GoogleCodeExporter commented 9 years ago

Hi,

I've ben trying to run Interproscan on an LSF-like cluster, specifically on 
OpenLava. Openlava (openlava.org) is a fork of the defunct Platform Lava and 
Platform LSF and is, at least for my purpose so far, syntax-compatible with LSF.

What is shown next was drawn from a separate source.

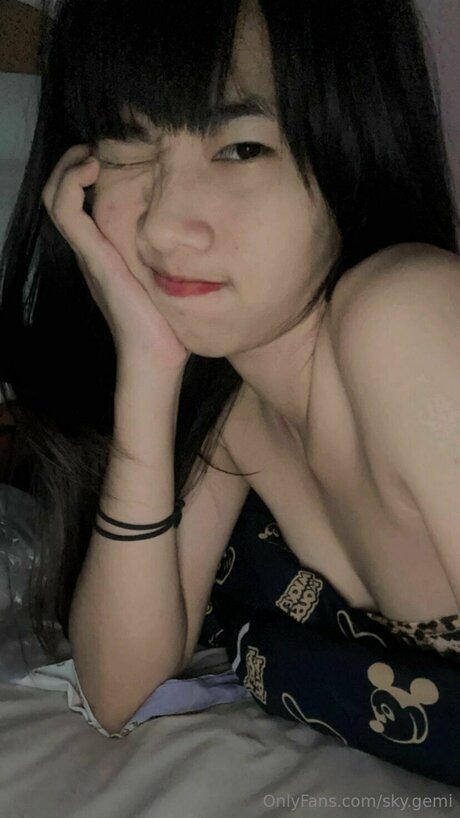 Foto di nudo di fuga di OnlyFans di Sky Gemi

However, when trying to run Interproscan, I get this:

[uk.ac.ebi.interpro.scan.jms.master.DistributedBlackBoxMaster:299] WARN - 
Restarted scheduledExecutorService for updating ClusterState

Works fine if I run it on a single machine tho. Any ideas what sort of problem 
I could be looking at here?

Cheers,

Marc

Original issue reported on code.google.com by mphoepp...@gmail.com on 18 Feb 2014 at 2:16

GoogleCodeExporter commented 9 years ago

Hi Marc,

It looks like InterProScan 5 is failing to run and/or parse the bjobs command.

1. Which version of InterProScan 5 are you running? 

2. What do you get when you run the following three commands? Change the 
commands to suit your setup, but am interested in the outputs: 
testRunBjobs.log, testRunLSFBjobs.log

  bjobs -P testRun > testRunBjobs.log
  bsub -o testRunLSFBjobs.log bjobs -P testRun 

3. When you change the grid.name to 'other' and max.tier.depth to 1 in your 
interproscan.properties file do you also get problems.

grid.name=other-cluster
max.tier.depth=1

Regards,
Gift

Original comment by nuka....@gmail.com on 21 Feb 2014 at 2:15

GoogleCodeExporter commented 9 years ago

The change for this is done now.

Original comment by nuka....@gmail.com on 21 Feb 2014 at 2:53

Changed state: Started

GoogleCodeExporter commented 9 years ago

Original comment by Maxim.Sc...@gmail.com on 21 Feb 2014 at 3:50

Changed title: [interhelp #14905] Running on LSF-like cluster

GoogleCodeExporter commented 9 years ago

Hi, 

thanks for looking into this.

- Version is 5.3.46; also redownloaded to verify that it is indeed the latest 
version
- Ran it from withon /home this time to make sure that there are no permission 
problems of any kind
- Changed interproscan.properties as suggested

- Output when running the test data set attached

- Output from the two suggested commands below:

1) bjobs -P testRun > testRunBjobs.log
No job found in project testRun 
-> output file testRunBjobs.log is empty

2) bsub -o testRunLSFBjobs.log bjobs -P testRun
Note (the actual user name was removed by me)
--
Job <14080> is submitted to default queue <normal>.

cat testRunLSFBjobs.log
Sender: LSF System <openlava@bnode-03>
Subject: Job 14081: <bjobs -P testRun> Exited

Job <bjobs -P testRun> was submitted from host <bhead> by user <removed>.
Job was executed on host(s) <bnode-03>, in queue <normal>, as user <removed>.
</home/removed> was used as the home directory.
</home/removed> was used as the working directory.
Started at Fri Feb 21 17:08:20 2014
Results reported at Fri Feb 21 17:08:21 2014

Your job looked like:

------------------------------------------------------------
# LSBATCH: User input
bjobs -P testRun
------------------------------------------------------------

Exited with exit code 255.

Resource usage summary:

    CPU time   :      0.02 sec.
    Max Memory :         4 MB
    Max Swap   :       119 MB

    Max Processes  :         1

The output (if any) follows:

No job found in project testRun

Original comment by mphoepp...@gmail.com on 21 Feb 2014 at 4:10

Attachments:

interproscan_openlava_error.txt

GoogleCodeExporter commented 9 years ago

Hi Marc,

It looks like some cluster property values are being ignored. I forgot to 
include one command to run in the previous message.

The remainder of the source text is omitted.